EXERCISE OBJECTIVE: Output the full listing below exactly; the images stay out.

SOURCE MATERIAL:

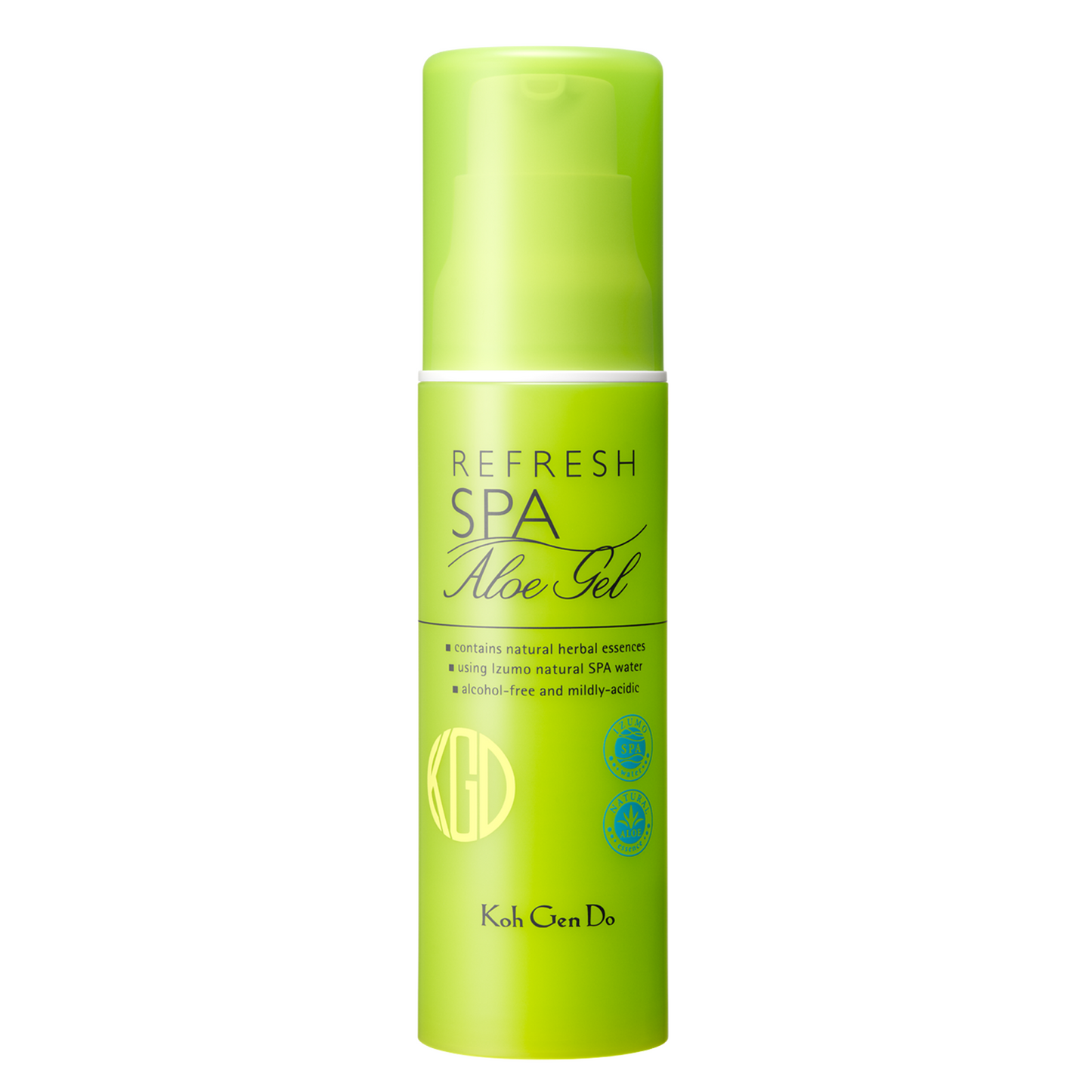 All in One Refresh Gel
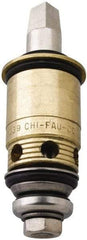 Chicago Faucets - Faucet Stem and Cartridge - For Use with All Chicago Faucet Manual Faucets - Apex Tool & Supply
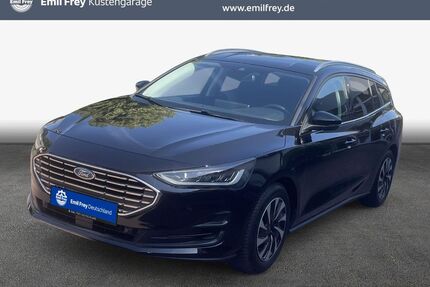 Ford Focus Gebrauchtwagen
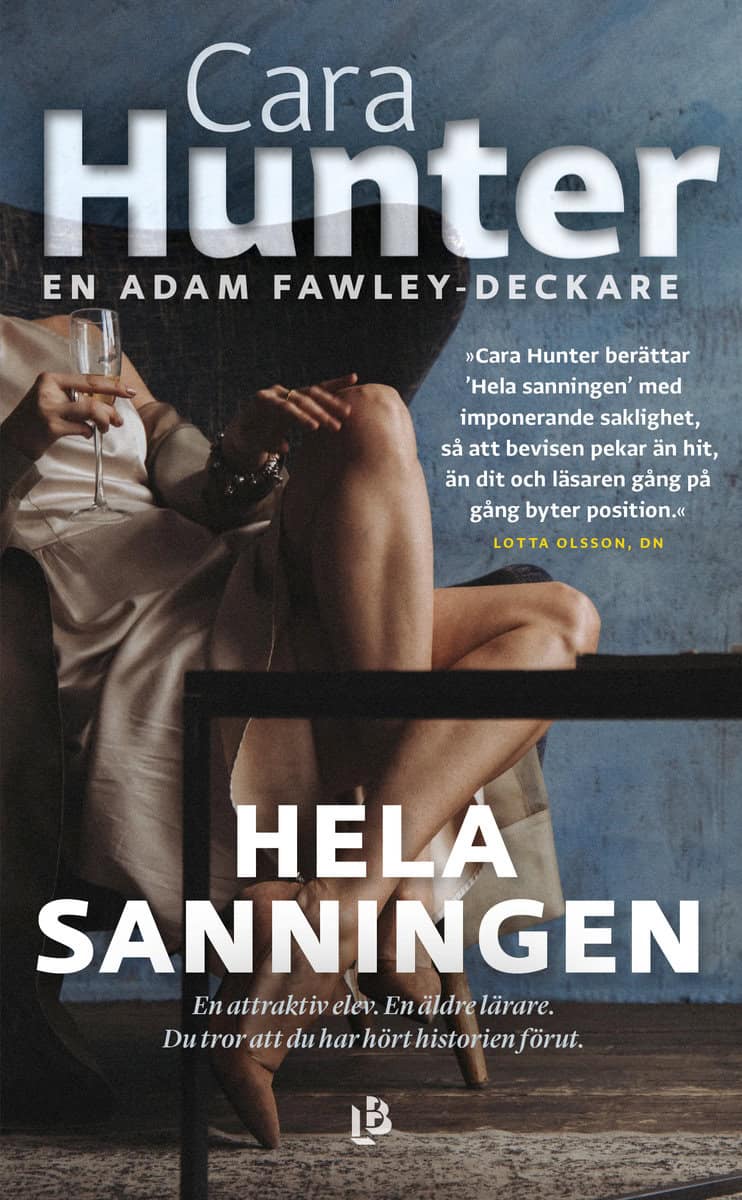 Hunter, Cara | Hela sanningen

WRITTEN RESPONSE:
 All in One Refresh Gel
 Chicago Faucets - Faucet Stem and Cartridge - For Use with All Chicago Faucet Manual Faucets - Apex Tool & Supply
 Ford Focus Gebrauchtwagen
 Hunter, Cara | Hela sanningen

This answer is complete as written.